• _What to produce_
The answer must consist solely of the lines from the line with "คัตเตอร์ มีดคัตเตอร์ คัตเตอร์สแตนเลส" to the final line of the data below, reproduced exactly, pictures omitted.
[[ Raw data open ]]
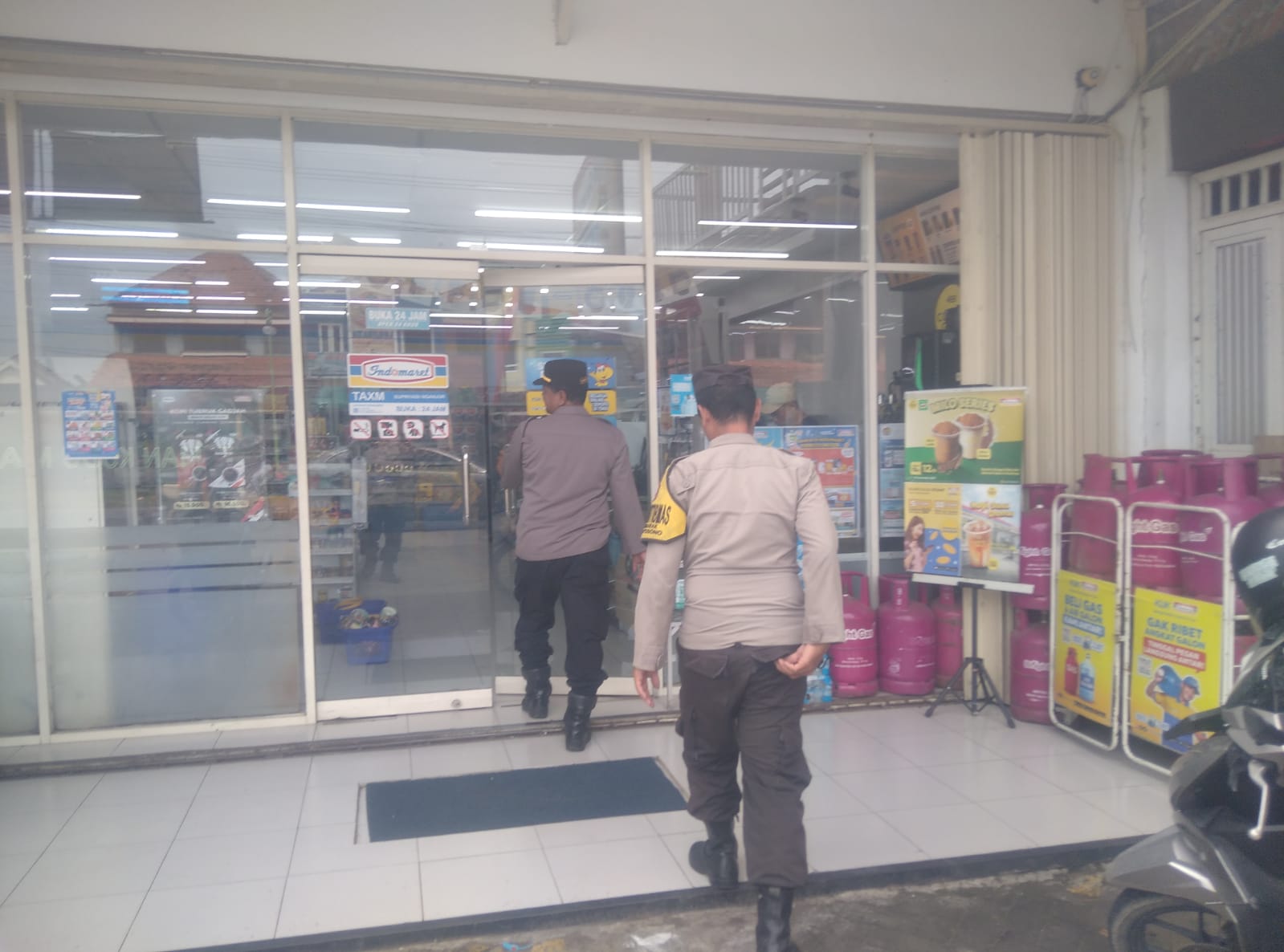 Polsek Kertosono Gelar Patroli Pertokoan untuk Cegah Curanmor di Toko Swalayan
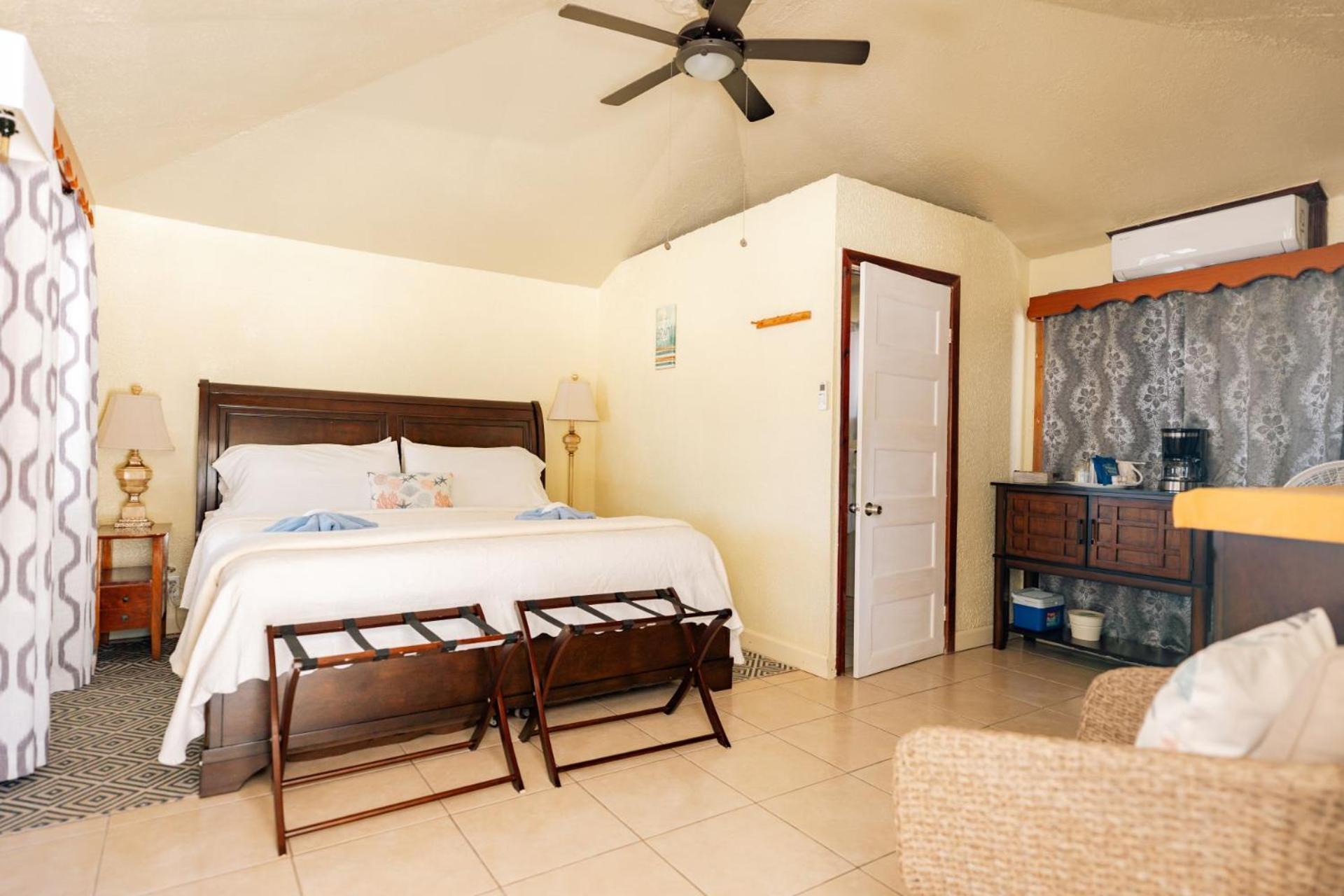 Blue Marlin Beach Resort Dangriga Exterior photo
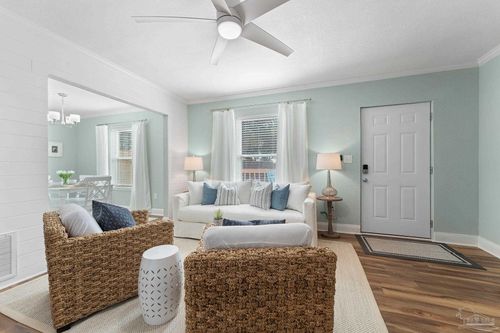 204 Brown Rd, Pensacola, FL, 32507-3708 | Card Image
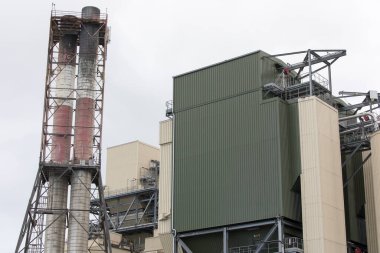 Saint-Andre, Fransa - 19 Ağustos 2022: La Reunion 'daki ünlü Rum içki imalathanesinin dış görünümü 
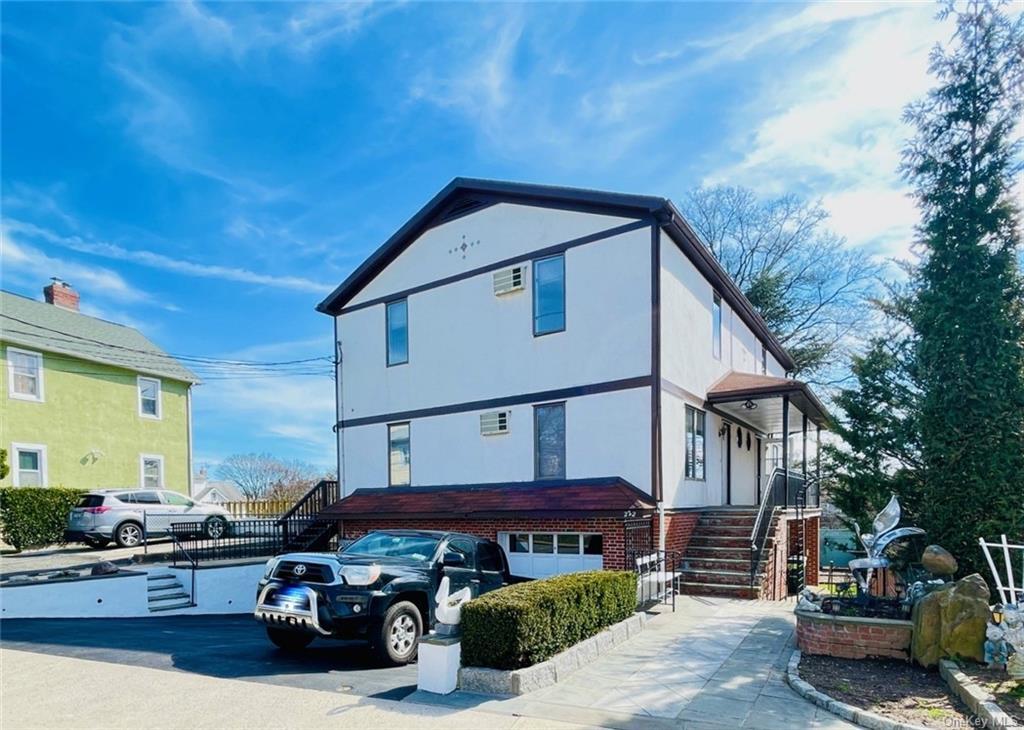 Primary Photo - 222 Grand St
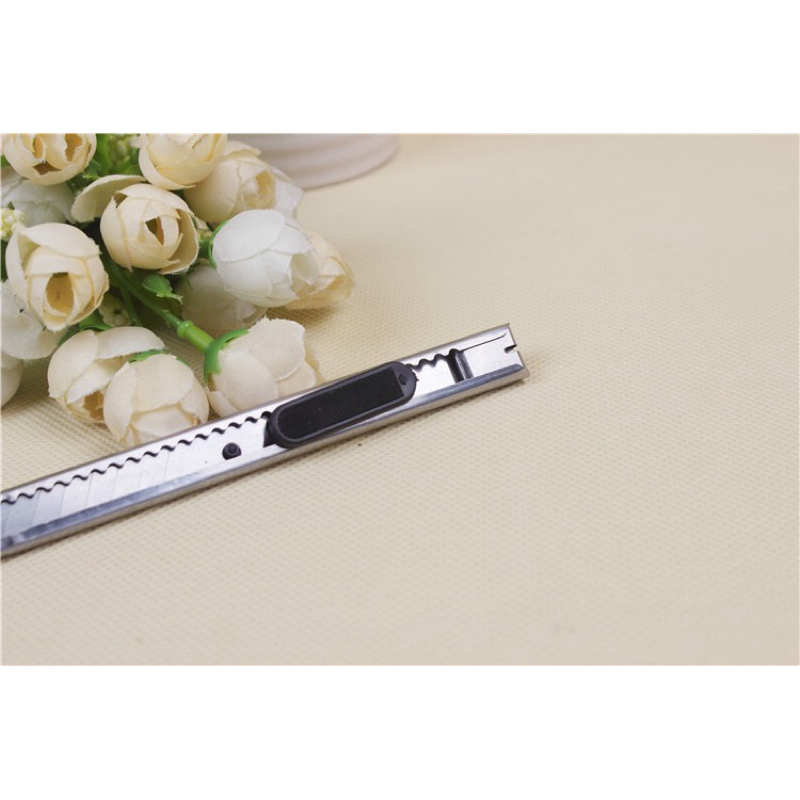 คัตเตอร์ มีดคัตเตอร์ คัตเตอร์สแตนเลส คัตเตอร์ปลายแหลม cutter สินค้าพร้อมส่งนะครับ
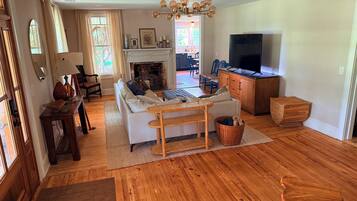 Smart TV, computer monitors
[[ Raw data closed ]]
• _Response to the task_
 คัตเตอร์ มีดคัตเตอร์ คัตเตอร์สแตนเลส คัตเตอร์ปลายแหลม cutter สินค้าพร้อมส่งนะครับ
 Smart TV, computer monitors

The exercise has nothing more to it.